5. The Many Variablles and The Spurious Waffles

The dataset WaffleDivorce contains data om divorce rate, marraige rate, and median marriage age.

Let’s load the data first

library(rethinking)

Loading required package: cmdstanr

This is cmdstanr version 0.7.1

- CmdStanR documentation and vignettes: mc-stan.org/cmdstanr

- CmdStan path: C:/Users/H/Documents/.cmdstan/cmdstan-2.34.1

- CmdStan version: 2.34.1

Loading required package: posterior

This is posterior version 1.5.0


Attaching package: 'posterior'

The following objects are masked from 'package:stats':

    mad, sd, var

The following objects are masked from 'package:base':

    %in%, match

Loading required package: parallel

rethinking (Version 2.40)


Attaching package: 'rethinking'

The following object is masked from 'package:stats':

    rstudent

data("WaffleDivorce")
d <- WaffleDivorce

Let’s explore the associations:

Divorce rate with median age at marriage

plot(Divorce~MedianAgeMarriage, data=d, xlim=c(20,30), ylim=c(5,20))

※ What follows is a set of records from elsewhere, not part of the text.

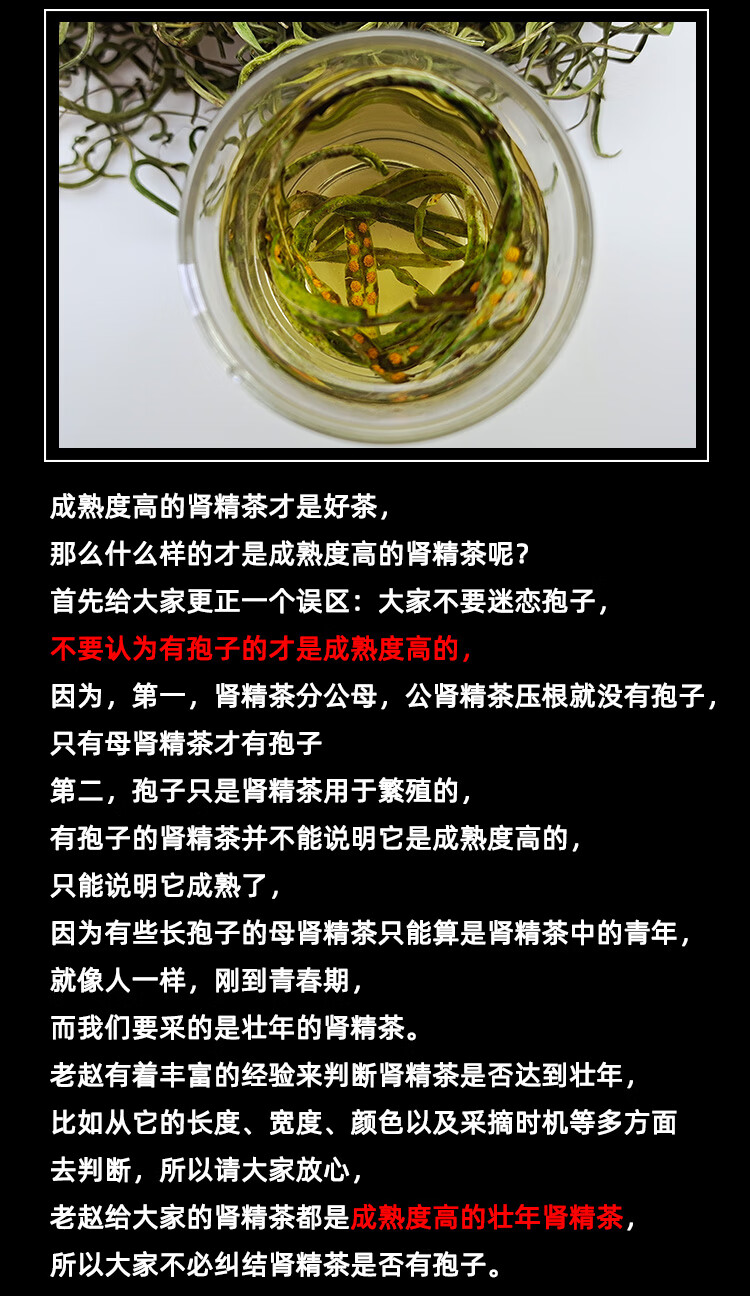 长白山肾精茶肾精草肾精草茶东北草石韦草石苇草250g新货 100克【图片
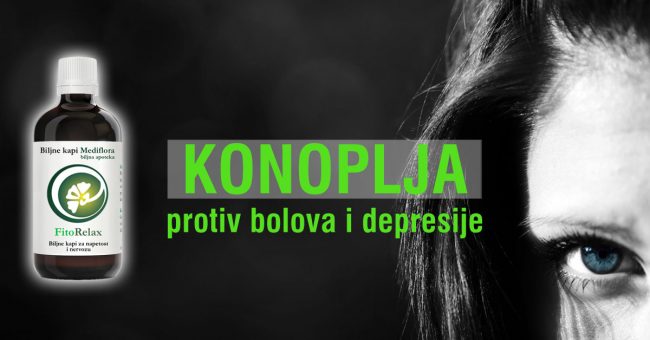 Konoplja-protiv-bolova-i-depresije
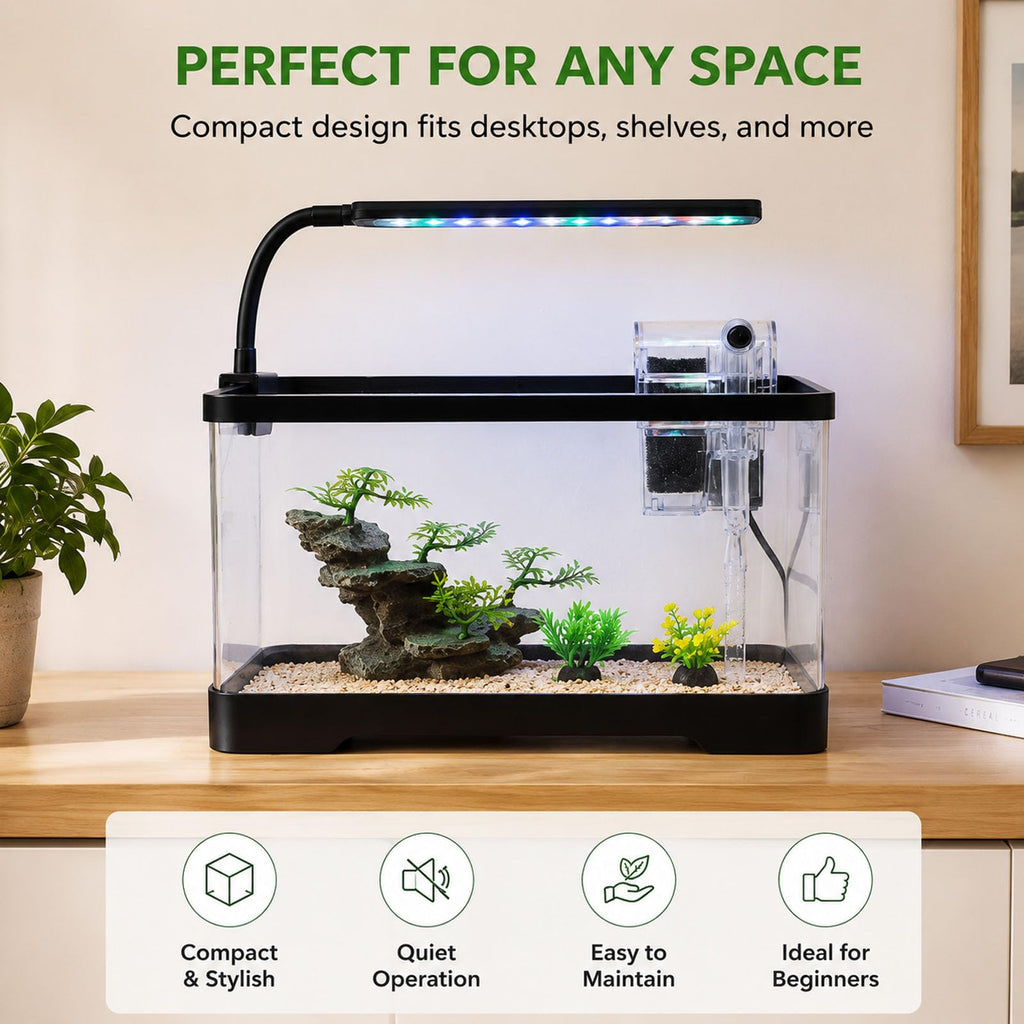 3 Gallon Fish Tank Starter Kit E573364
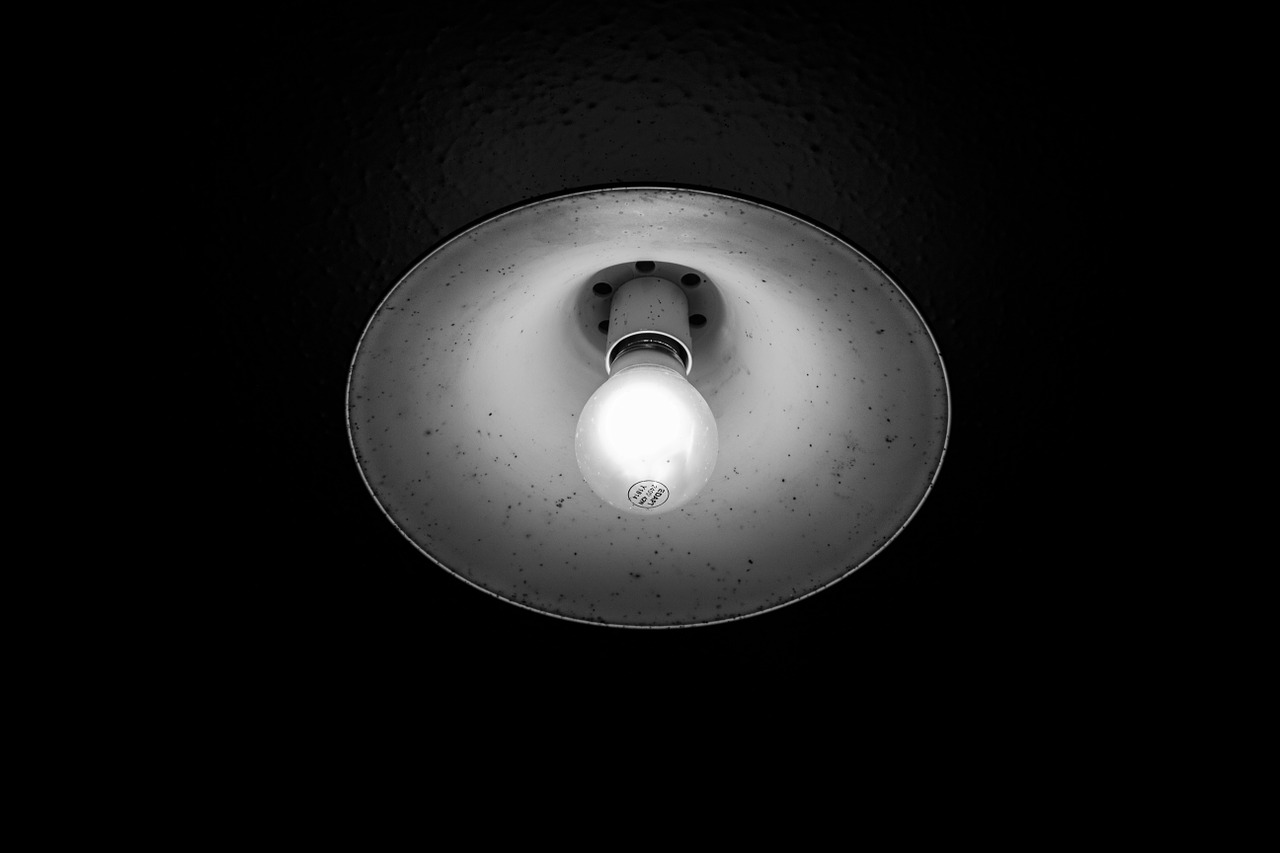 light black and white light bulb free photo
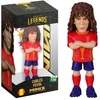 MINIX WC LEGENDS SPAIN - CARLES PUYOL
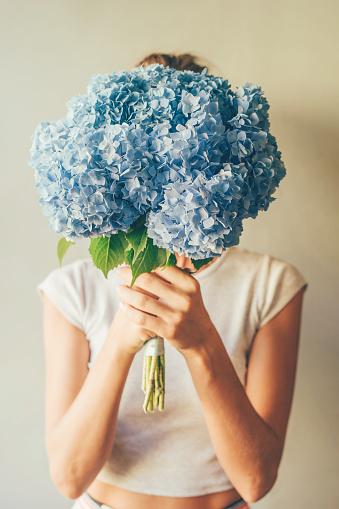 Girl holds in front of her a lush bouquet of blue hydrangea, florist with flowers on pastel background, person hides his face behind a bouquet.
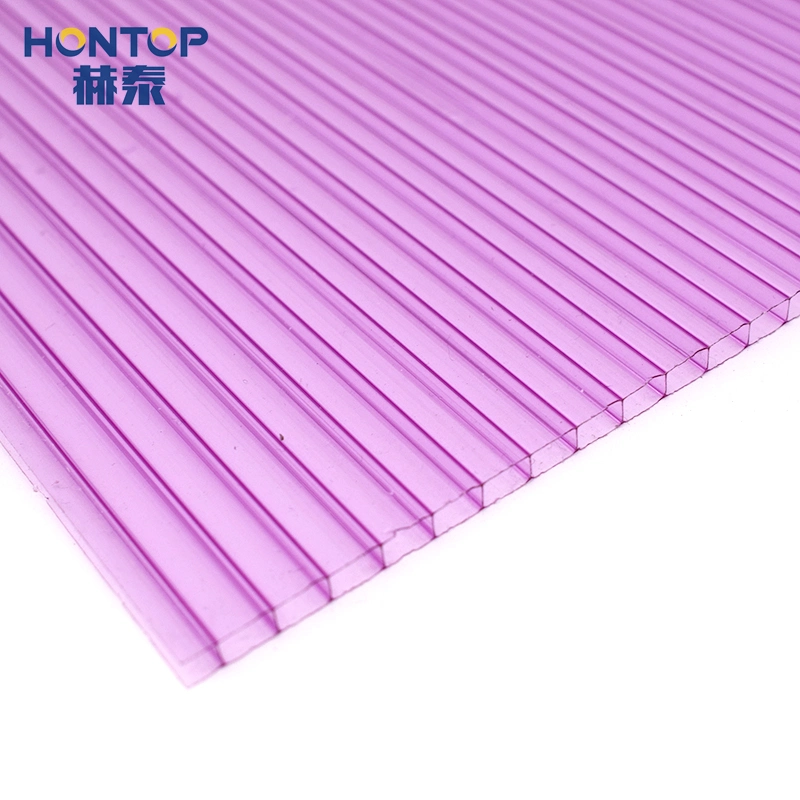 2mm Twin Wall Greenhouse Panels Thermoforming Hollow Polycarbonate Sheets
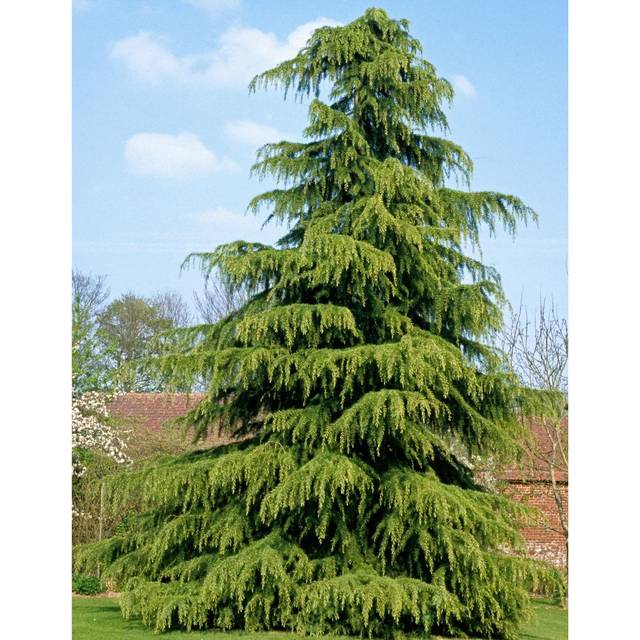 Cedrus deodara - Cèdre de l'Himalaya (JAG IMAGES / Adobe Stock)
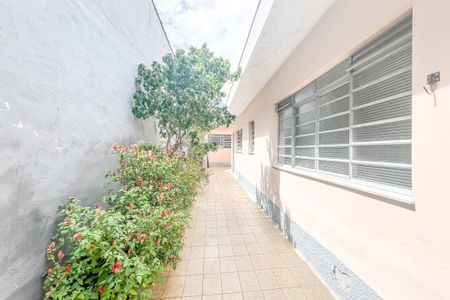 Casa à venda com 110m², 2 quartos e 1 vaga Casa à venda com 110m², 2 quartos e 1 vagaQuintal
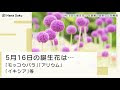 無料ダウンロード モッコ��バラ 花言葉 英語 156356-モ���コウバラ 花言葉 英語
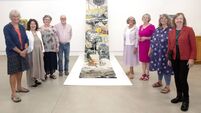 'Timelines: Growth and Catastrophe' exhibition unveiled in Roscommon Arts Centre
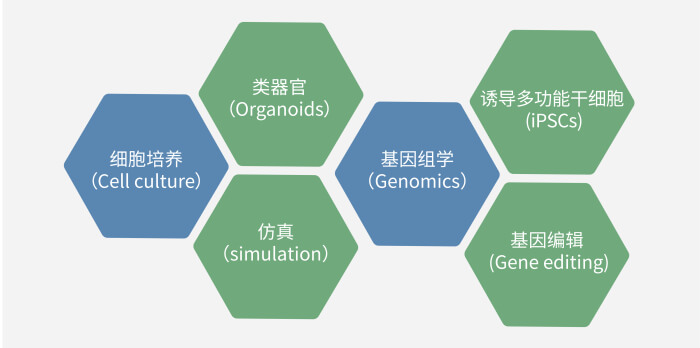 六大技术板块已上线，持续升级中.jpg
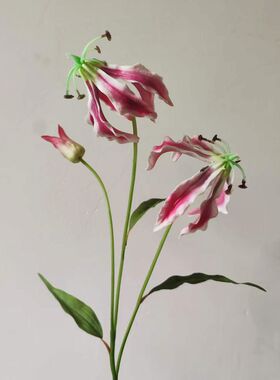 仿真花PU手感 嘉兰 火焰百合 单枝假花家居装饰 摄影道具摆件花卉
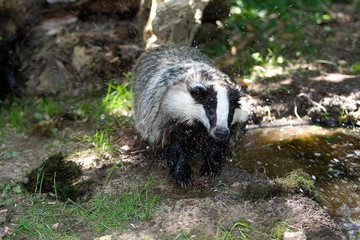 European Badger, meles meles, Adult standing in Water, Normandy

Divorce rate with marriage rate

plot(Divorce~Marriage, data=d, xlim=c(10,30), ylim=c(5,20))

It looks like the associations are reversed.

Model 1: D ~ A

Here’s the model linear regression model for the 1st association: \[ D_i \sim N(\mu_i, \sigma) \] \[ \mu_i = \sigma + \beta_A A_i \]

\[ \alpha \sim N(0, 0.2) \]

\[ \beta \sim N(0, 0.5) \]

\[ \sigma \sim Exp(0, 0.5) \]

Before coding the model, let’s standardize variables.

# standardize variables
d$D <- standardize(d$Divorce)
d$M <- standardize(d$Marriage)
d$A <- standardize(d$MedianAgeMarriage)

By standardizing the variables, we can say that if \(\beta_A=1\), then a change of 1 std. deviation in \(A_i\) is associated with a full std. deviation change in the outcome variable.

m5.1 <- quap(
  alist(
    D ~ dnorm(mu, sigma),
    mu <- a+bA*A,
    a ~ dnorm(0, 0.2),
    bA <- dnorm(0, 0.5),
    sigma ~ dexp(1)
  ),
  data=d
)

set.seed(10)
prior <- extract.prior(m5.1)
mu <- link(m5.1, post=prior, data=list(A=c(-2,2)))
plot(NULL, xlim=c(-2,2), ylim=c(-2,2))
for(i in 1:50) lines(c(-2,2), mu[i,], col=col.alpha("black", 0.4))

A_seq <- seq(-3,3.2,30)
mu <- link(m5.1, data=list(A=A_seq))
mu.mean <- apply(mu, 2, mean)
mu.PI <- apply(mu, 2, PI, prob=0.89)

{
  plot(D~A, data=d, col=rangi2)
  lines(A_seq, mu.mean, lwd=2)
  shade(mu.PI, A_seq)
}

Model 2: D ~ M

\[ D_i \sim N(\mu_i, \sigma) \] \[ \mu_i = \sigma + \beta_M M_i \]

\[ \alpha \sim N(0, 0.2) \]

\[ \beta_M \sim N(0, 0.5) \]

\[ \sigma \sim Exp(0, 0.5) \]

m5.2 <- quap(
  alist(
    D ~ dnorm(mu, sigma),
    mu <- a+bM*A,
    a ~ dnorm(0, 0.2),
    bM <- dnorm(0, 0.5),
    sigma ~ dexp(1)
  ),
  data=d
)

DAGs

Let’s assume the possible causal models that are connected to the divorce rate association examples

Proposed DAG Model 1

library(dagitty)
DMA1 <- dagitty('dag{D <- A -> M -> D}')
drawdag(DMA1)

impliedConditionalIndependencies(DMA1)
# no output because there is no conditional independence

Proposed DAG Model 2

DMA2 <- dagitty('dag{D <- A -> M}')
drawdag(DMA2)

impliedConditionalIndependencies(DMA2)

D _||_ M | A

Model 3: Multiple Regression

\[ D_i \sim N(\mu_i, \sigma) \] \[ \mu_i = \sigma + \beta_M M_i + \beta_A A_i \]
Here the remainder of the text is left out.